The key to sound economic management is competition, not monopoly. Merging a petrochemicals plant with plastic manufacturers would create a powerful entity but would deprive the consumer of choice in the marketplace, and with that come inefficiencies that eat away at quality considerations. Further, the OGJ article also reminds us that the Egyptian market is too small to absorb any surge in petrochemicals products; therefore, any growth in the sector will have to be financed by exports, a prerequisite of which is high quality products. In Europe all existing and new petrochemical substances, local or imported, must be registered by the industry in question with the European Chemicals Agency that oversees commodities required standards. If Egyptian products are to compete successfully abroad, they must meet the regulatory requirements of those foreign markets and be able to offer demanded scope and quality of products.
Up the Downstream Learning Curve
Egypt’s downstream sector must replicate other successful models, such as Iran mentioned above. It needs to build production facilities, produce its own pipes and create access to professional engineering companies and engineering, purchasing and construction (EPC) contractors. Once it is able to reduce imports of construction parts from abroad, it will insulate itself from currency shocks. There are positive signs in the offing. Egyptian engineering companies like Petrojet and Enppi have already made major contributions to the Egyptian pipeline market; dealing with design and commissioning respectively. Local engineering consultancy firms and pipeline inspection firms are pound for pound as good as global firms, says Ramy Magdy, a Senior Drilling Engineer at SUCO.
Riyad Nour adds that refining, even in its current dispersed state, was going up the learning curve at the level of skills training. He explains that in the past foreign partners in refining were not concerned with training refinery staff but that Egyptian companies were able to send their employees to study abroad or work with foreign and Gulf Arab oil companies to re-skill their workforces in line with international standards. Firms specialized in training, whether for refineries or even offshore rigs, were beginning to get licensed in Egypt, he says.

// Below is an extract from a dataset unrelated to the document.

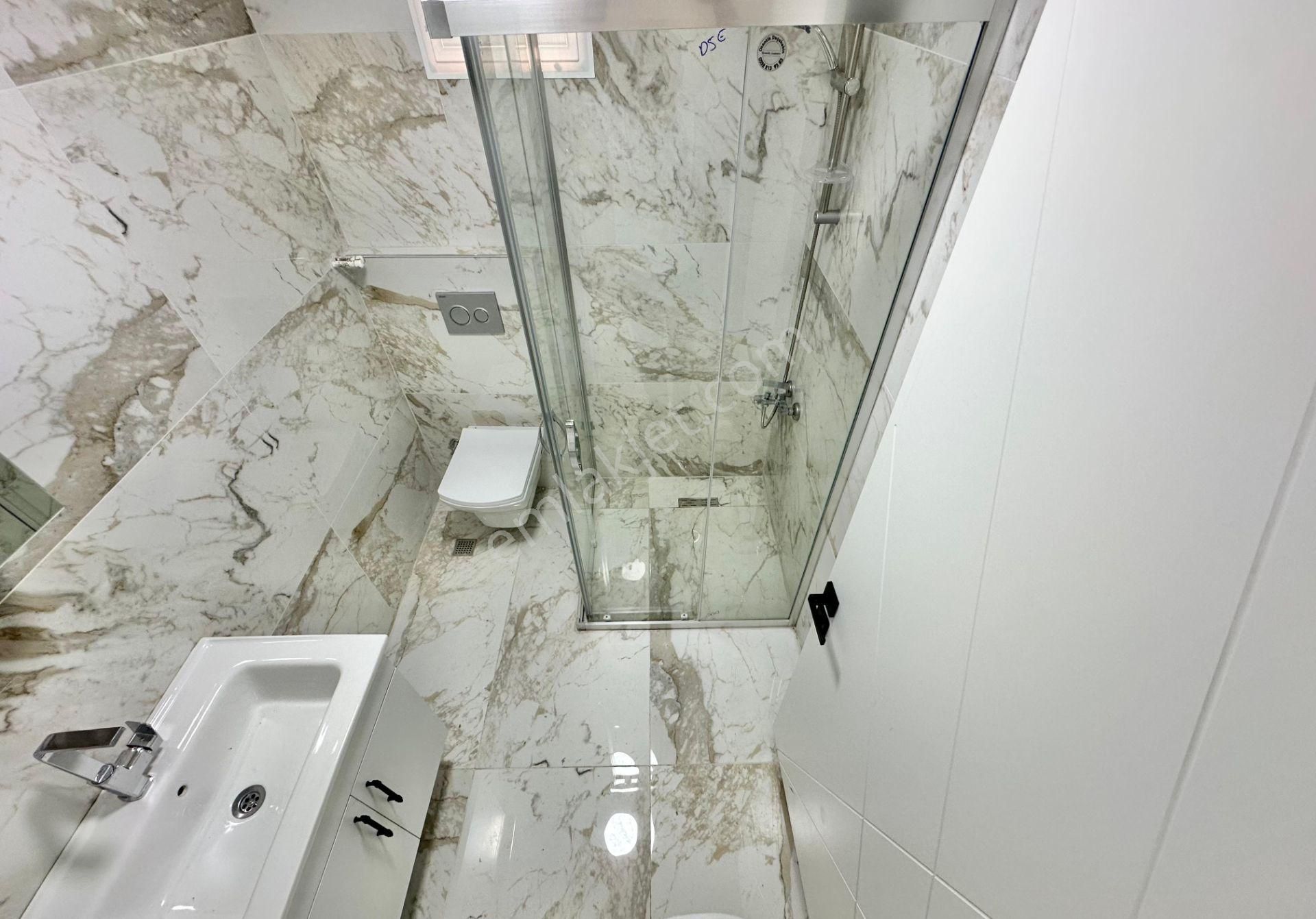 ꧁ay Emlaktan꧂akçay Merkezde İçi Komple Yenilenmiş Arakat Denize Yakın Satılık 2+1 Lüx Daire - Görsel 33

These local achievements need to be harnessed and expanded on. Measures have already been taken to ride out the currency storm, explains PICO International Petroleum’s General Manager, Shawky Abdeen, with 20%-30% of arrears owed to foreign partners being paid in Egyptian pounds. Upgrading oilfield service companies is another avenue, as many of them already rely, to varying extents, on locally manufactured materials and designs, says another petroleum engineer. Local content stipulations and stringent quality specifications are the traditional policy tools used to achieve this, as Egypt Oil & Gas has documented. The anonymous expert also adds that more downstream people needed to be included in ministerial positions, whether from sales and distribution or midstream as well as refining and petrochemicals.
Integration is a delicate balancing act between too much and too little centralization, but there are lessons learned based on experience of different companies and countries, that can help guide the way for Egypt out of its dependency on imported downstream products and finally establish Egypt as an exporter of choice in the coming years.